L’obiettivo è di rendere WK una vera impresa sociale, capace di essere profittevole, perché riteniamo che la competitività sia la più grande garanzia di sostenibilità di un progetto sociale.
Nel tempo abbiamo cercato di espandere l’iniziativa, abbiamo vinto il Premio Orange per l’imprenditoria sociale nel 2016 e grazie ai soldi raccolti anche tra gli amici europei abbiamo aperto una boutique nel centro della capitale, dove vendiamo i prodotti realizzati dai nostri calzolai. Ora a WK lavorano 14 persone: 7 persone handicappate, 1 insegnante per scolarizzarli, 2 calzolai finiti, 1 responsabile. sanità’, 2 agenti commerciali e 1 amministratore.
Abbiamo raggiunto un buon livello di qualità dei sandali in pelle che produciamo (foto a richiesta) ma con l’estensione del progetto i costi sono aumentati più dei ricavi, perché il business delle scarpe non dà margini sufficienti per coprire i costi “sociali” che sosteniamo (le case, il cibo, e le cure sanitarie), quindi è sempre più difficile per me e K finanziare le perdite.
Per questo motivo abbiamo deciso di aprire una seconda filiera di produzione, quella delle borse, perché ci sembra che ci sia più margine e quindi potremmo avere più chances di coprire i costi sociali con la sola produzione di WK. Abbiamo così assunto un secondo maestro che sta insegnando ai nostri lavoratori come realizzare delle borse in pelle.
Ora, uno dei problemi che abbiamo e che rendono WK non competitiva è la bassa produttività dei nostri lavoratori, chiaramente dovuta al loro handicap e al fatto che per 20 anni questi non abbiano fatto altro che tendere la mano per chiedere l’elemosina. Per questo stiamo valutando l’idea di acquistare delle macchine, non troppo complesse, ma che possano automatizzare la produzione e abbattere i costi operativi. Ma noi non siamo degli esperti di settore e i due maestri locali sono degli artigiani che lavorano solo con le proprie mani, quindi non sanno orientarci. Ragione per cui ho scritto a Lei nel caso conoscesse qualcuno con esperienza nel settore”.

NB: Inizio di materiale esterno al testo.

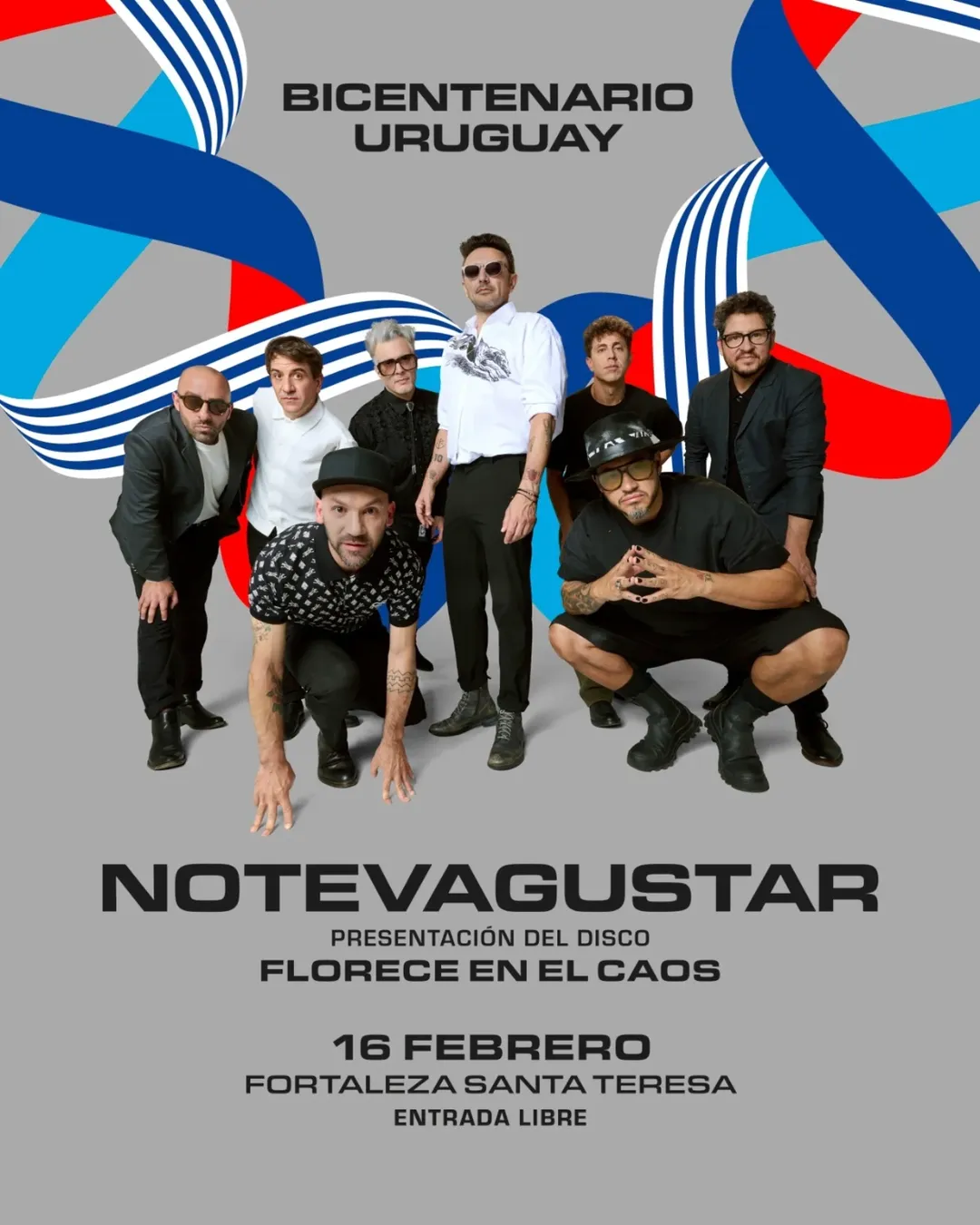 Afiche del concierto gratis de No Te Va Gustar en la Fortaleza de Santa Teresa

(C)Vedete ora la difficoltà di una strada, resa ancora più ardua da qualche piccolo uso ‘civile’, per esempio quello di mettere dazi all’importazione di semplici macchine utensili, da noi disusate, ma che sarebbero molto utili, proprio per la loro semplicità in quel contesto microartigianale. Poi, ovviamente, manca l’esperienza. Ma io insisto nel mio paradosso: iniziative come questa aiuterebbero molto di più l’Europa di qualsiasi marchingegno escogitato sia dai populisti, sia dai professionisti (lo dico senza ironia) dell’accoglienza.
(O) Una volta si chiamavano micro realizzazioni, erano la specialità di molte ONG e ce ne saranno sicuramente ancora. Vorrei tanto che tu abbia ragione, che un cambiamento di mentalità, chiamiamolo pure conversione, sia possibile qui e là; ma sarà sufficiente?

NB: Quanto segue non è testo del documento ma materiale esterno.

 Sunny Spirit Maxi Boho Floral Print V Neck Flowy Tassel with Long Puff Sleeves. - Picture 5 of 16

(S) Ci vuole coraggio, come il nome della ONG nella lingua locale, con la possibilità di rischiare qualcosa anche in proprio. Gli stessi disabili, mi pare, cominciano col guadagnare meno che con l’accattonaggio, ma guadagnano in dignità, che può anche essere un collante sociale molto valido, una cosa assolutamente necessaria in un mondo dove i legami più solidi sono ancora quelli tribali e dove i governi (come dappertutto) usano strategie di brevissimo termine. I risultati non duraturi lasciano delusione, poi amarezza, poi rancore ed è meglio non proseguire.

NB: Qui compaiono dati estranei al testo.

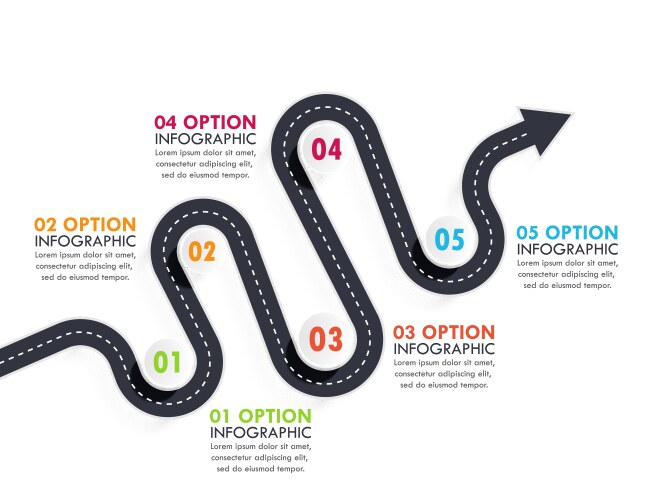 Road way location infographic template vector image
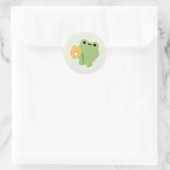 Niedlich-Romantischer Frosch Runder Aufkleber (Tasche)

(C) Badate bene che nemmeno mille di queste realizzazioni saranno da sole efficaci contro la grande migrazione, ma renderebbero sicuramente più efficienti e meno spreconi i grandi interventi di cooperazione internazionale, che restano assolutamente necessari, ma che devono poter trovare un tessuto sociale di gente comune più formata e motivata al lavoro e alla dignità umana sotto tutti gli aspetti, per poter dare anche i loro frutti.